ACTIVITY →
Review the material and extract every line in which the word "Ribbon" occurs.

RECORDED DATA →
*** Block opens ***

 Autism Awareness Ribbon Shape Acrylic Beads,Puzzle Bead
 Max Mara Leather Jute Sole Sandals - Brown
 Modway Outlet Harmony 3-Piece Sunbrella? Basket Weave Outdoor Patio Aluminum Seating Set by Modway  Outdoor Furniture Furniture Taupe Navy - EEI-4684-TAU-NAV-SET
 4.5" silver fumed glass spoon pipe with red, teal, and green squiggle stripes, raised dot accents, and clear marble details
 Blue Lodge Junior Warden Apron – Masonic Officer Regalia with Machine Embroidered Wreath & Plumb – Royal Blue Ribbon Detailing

*** Block closes ***
*** Block opens ***

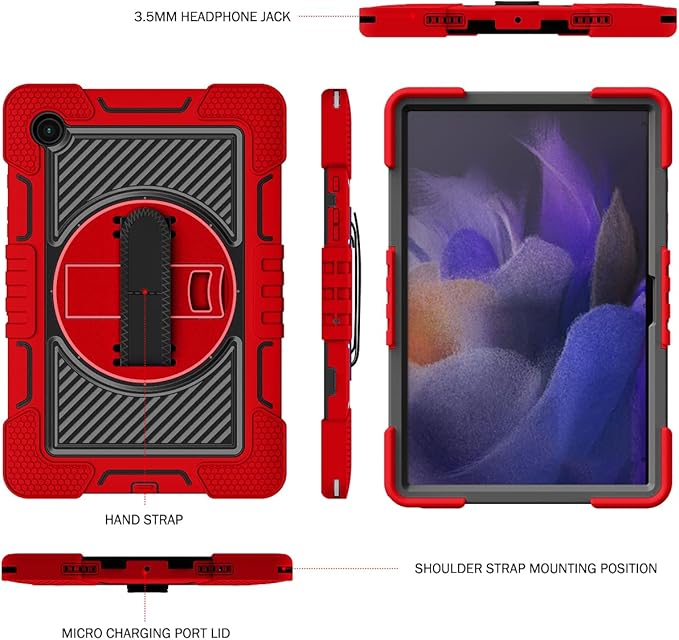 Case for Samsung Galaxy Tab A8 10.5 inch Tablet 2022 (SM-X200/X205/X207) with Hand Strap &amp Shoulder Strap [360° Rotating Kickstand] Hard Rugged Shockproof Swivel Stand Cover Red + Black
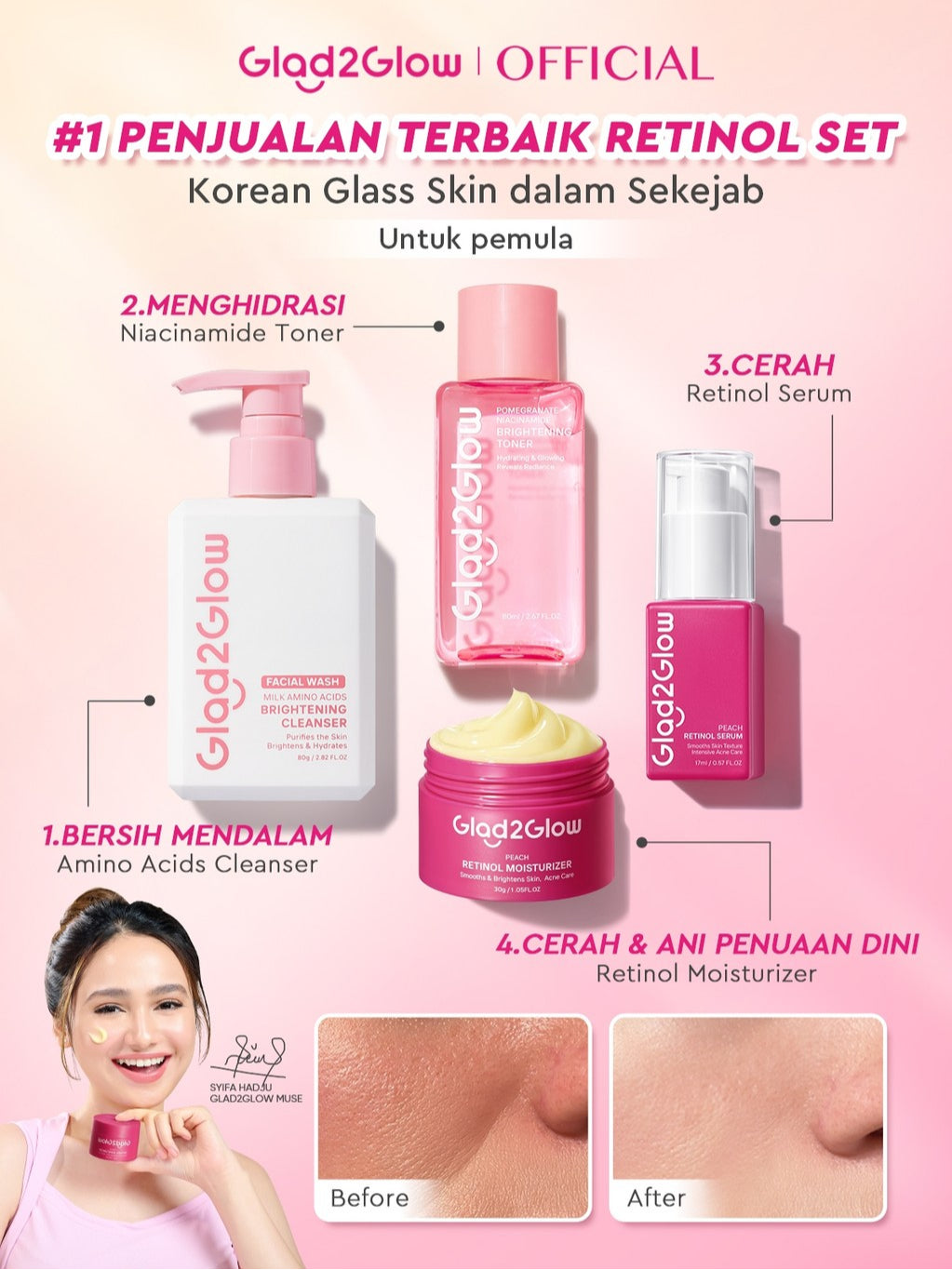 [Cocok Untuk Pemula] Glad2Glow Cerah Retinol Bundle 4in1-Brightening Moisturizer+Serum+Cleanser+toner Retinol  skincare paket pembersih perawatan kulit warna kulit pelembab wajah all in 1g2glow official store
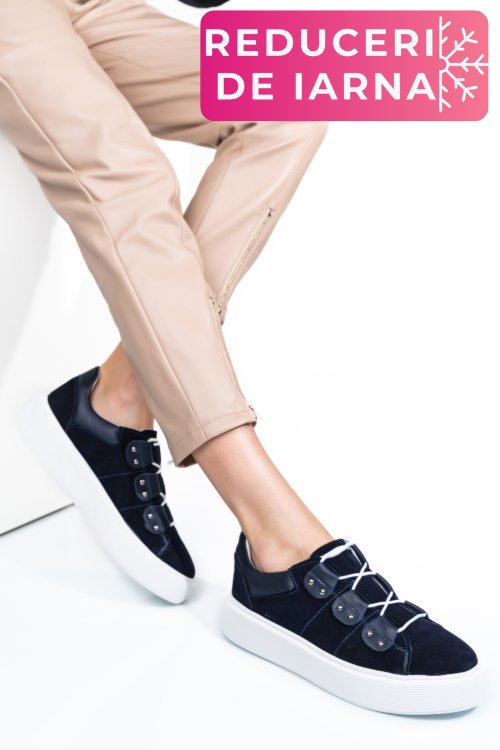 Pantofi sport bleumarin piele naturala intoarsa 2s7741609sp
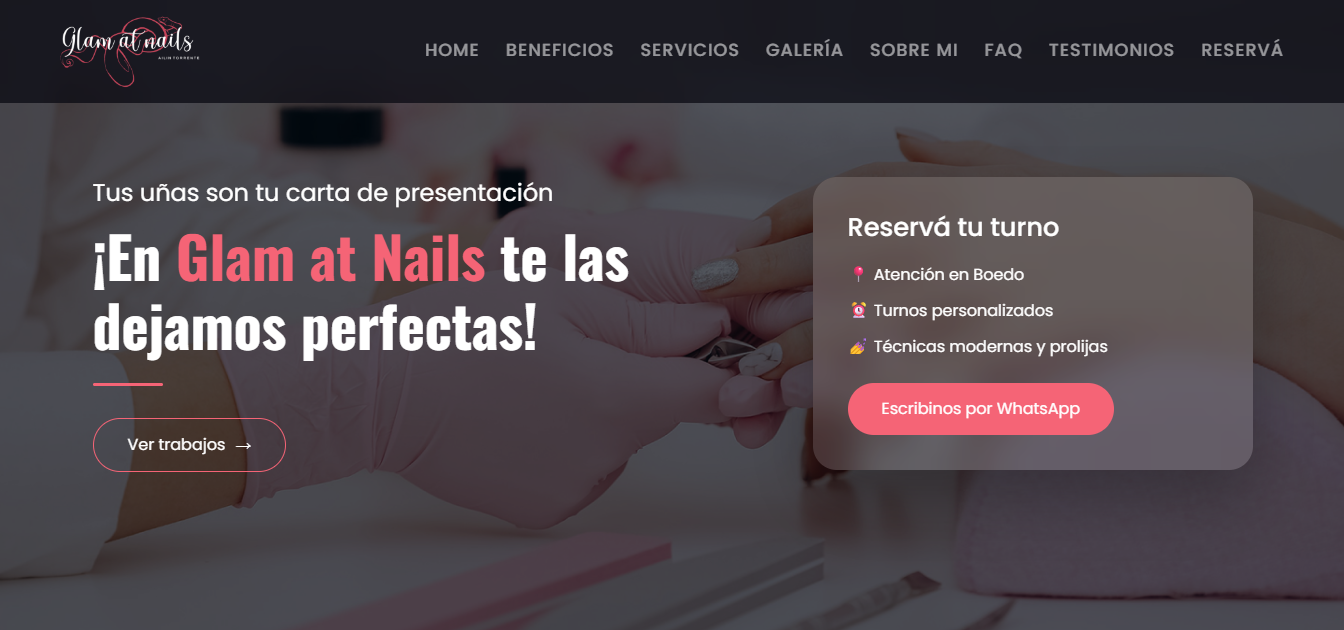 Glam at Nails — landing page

*** Block closes ***

SOLUTION →
 Autism Awareness Ribbon Shape Acrylic Beads,Puzzle Bead
 Blue Lodge Junior Warden Apron – Masonic Officer Regalia with Machine Embroidered Wreath & Plumb – Royal Blue Ribbon Detailing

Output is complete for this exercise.